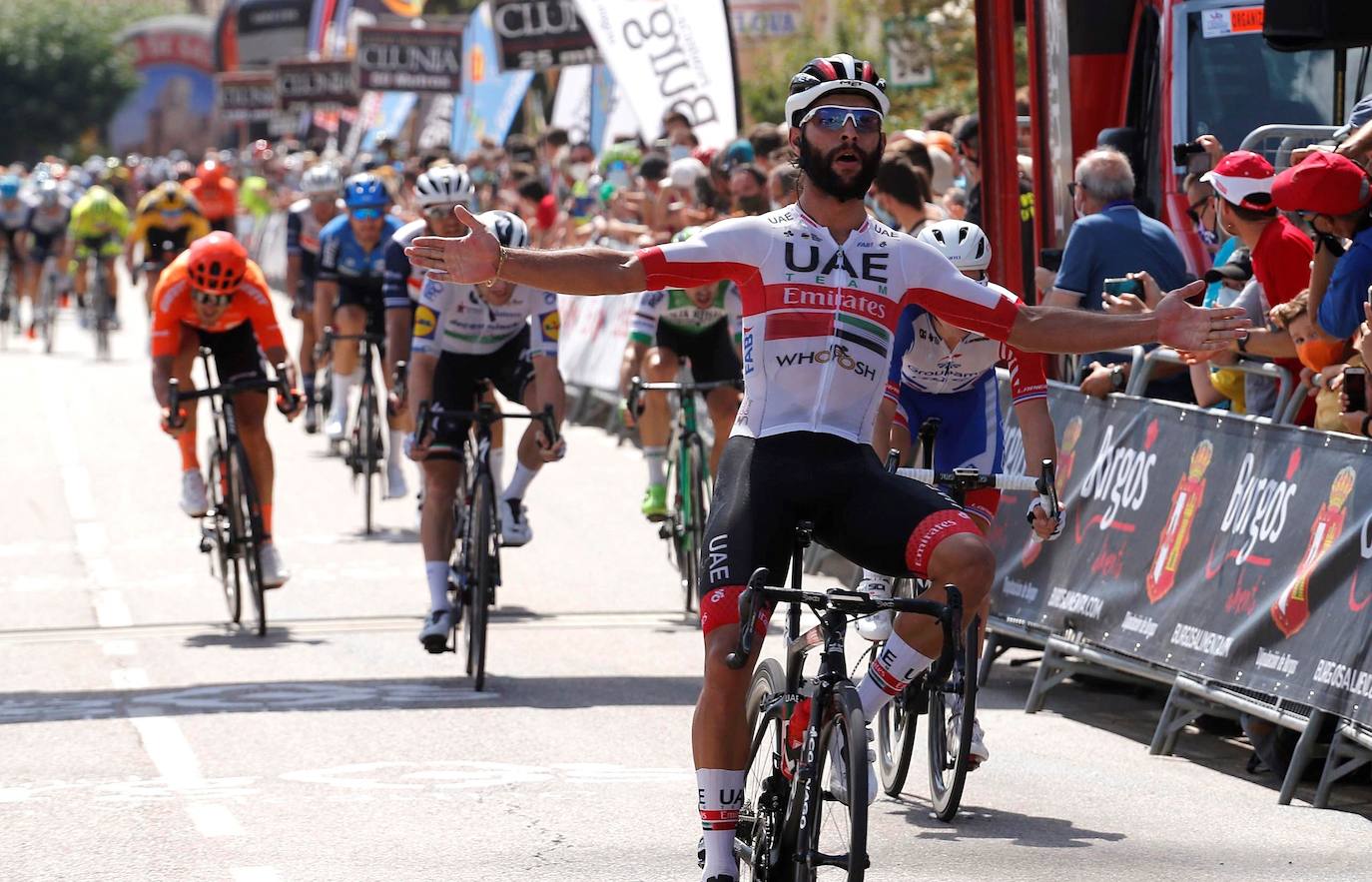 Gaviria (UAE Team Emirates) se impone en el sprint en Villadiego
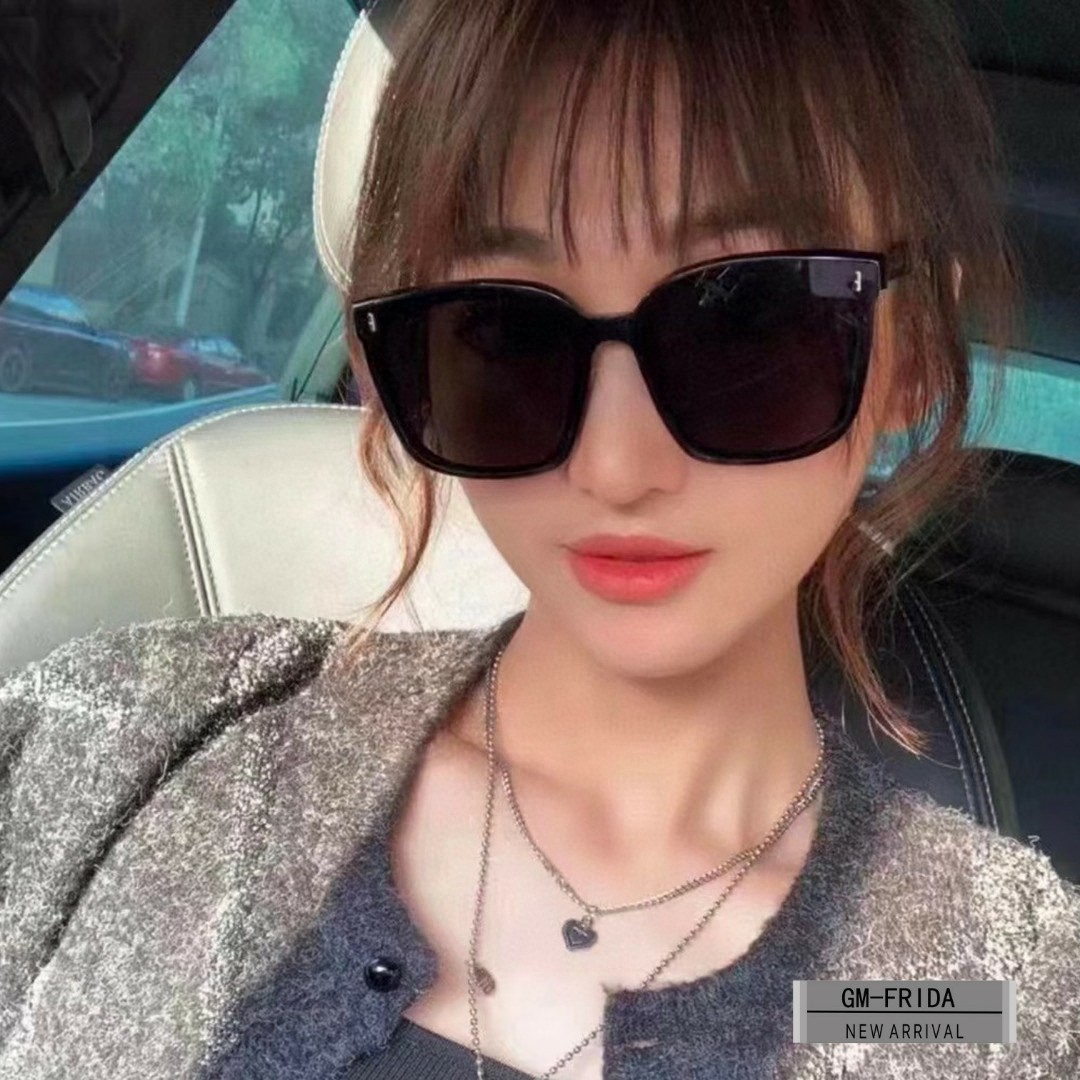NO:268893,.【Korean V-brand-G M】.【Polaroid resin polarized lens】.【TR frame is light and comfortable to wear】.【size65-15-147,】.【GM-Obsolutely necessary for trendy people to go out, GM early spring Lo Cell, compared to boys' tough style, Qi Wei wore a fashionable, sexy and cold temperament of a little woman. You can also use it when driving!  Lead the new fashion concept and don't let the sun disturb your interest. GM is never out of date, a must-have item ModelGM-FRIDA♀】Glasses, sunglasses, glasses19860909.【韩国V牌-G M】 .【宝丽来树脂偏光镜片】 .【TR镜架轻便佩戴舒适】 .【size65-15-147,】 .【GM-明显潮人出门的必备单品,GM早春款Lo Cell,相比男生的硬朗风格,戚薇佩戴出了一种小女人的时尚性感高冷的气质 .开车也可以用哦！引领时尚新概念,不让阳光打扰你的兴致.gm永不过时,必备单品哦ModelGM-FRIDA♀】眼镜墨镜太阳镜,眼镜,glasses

* * *

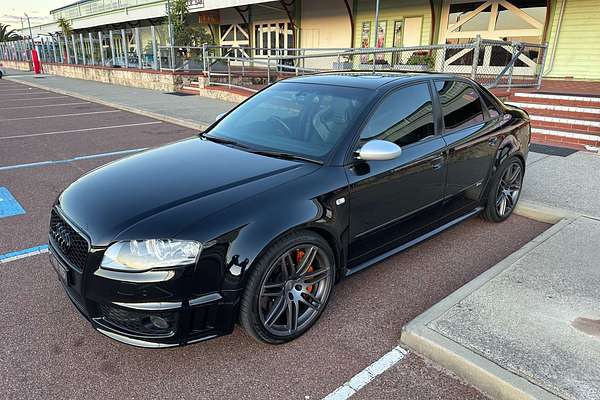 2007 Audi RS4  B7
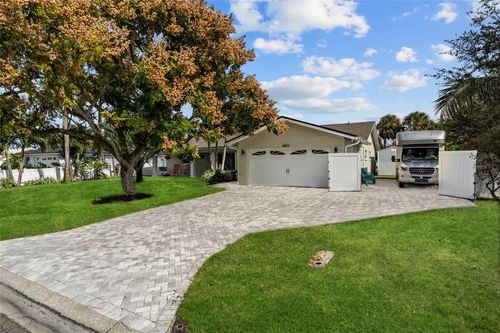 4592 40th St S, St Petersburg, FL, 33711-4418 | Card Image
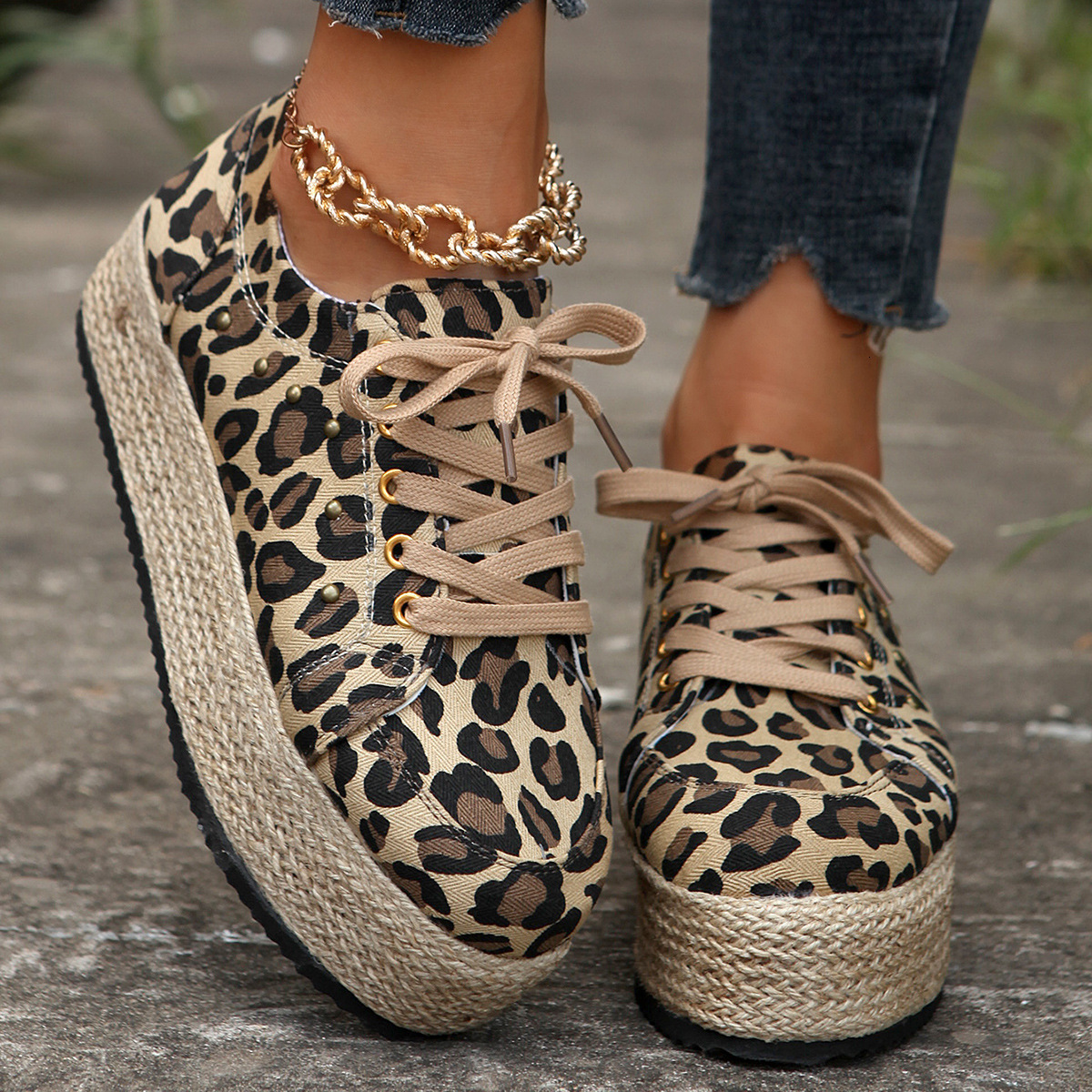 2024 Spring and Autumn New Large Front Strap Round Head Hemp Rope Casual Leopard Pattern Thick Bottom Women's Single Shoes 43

The task:
Give exactly the lines above that run from the line with "Gaviria (UAE Team" to the line with "NO:268893,.【Korean V-brand-G M】.【Polaroid", both included, leaving every picture out.

Expected answer:
 Gaviria (UAE Team Emirates) se impone en el sprint en Villadiego
NO:268893,.【Korean V-brand-G M】.【Polaroid resin polarized lens】.【TR frame is light and comfortable to wear】.【size65-15-147,】.【GM-Obsolutely necessary for trendy people to go out, GM early spring Lo Cell, compared to boys' tough style, Qi Wei wore a fashionable, sexy and cold temperament of a little woman. You can also use it when driving!  Lead the new fashion concept and don't let the sun disturb your interest. GM is never out of date, a must-have item ModelGM-FRIDA♀】Glasses, sunglasses, glasses19860909.【韩国V牌-G M】 .【宝丽来树脂偏光镜片】 .【TR镜架轻便佩戴舒适】 .【size65-15-147,】 .【GM-明显潮人出门的必备单品,GM早春款Lo Cell,相比男生的硬朗风格,戚薇佩戴出了一种小女人的时尚性感高冷的气质 .开车也可以用哦！引领时尚新概念,不让阳光打扰你的兴致.gm永不过时,必备单品哦ModelGM-FRIDA♀】眼镜墨镜太阳镜,眼镜,glasses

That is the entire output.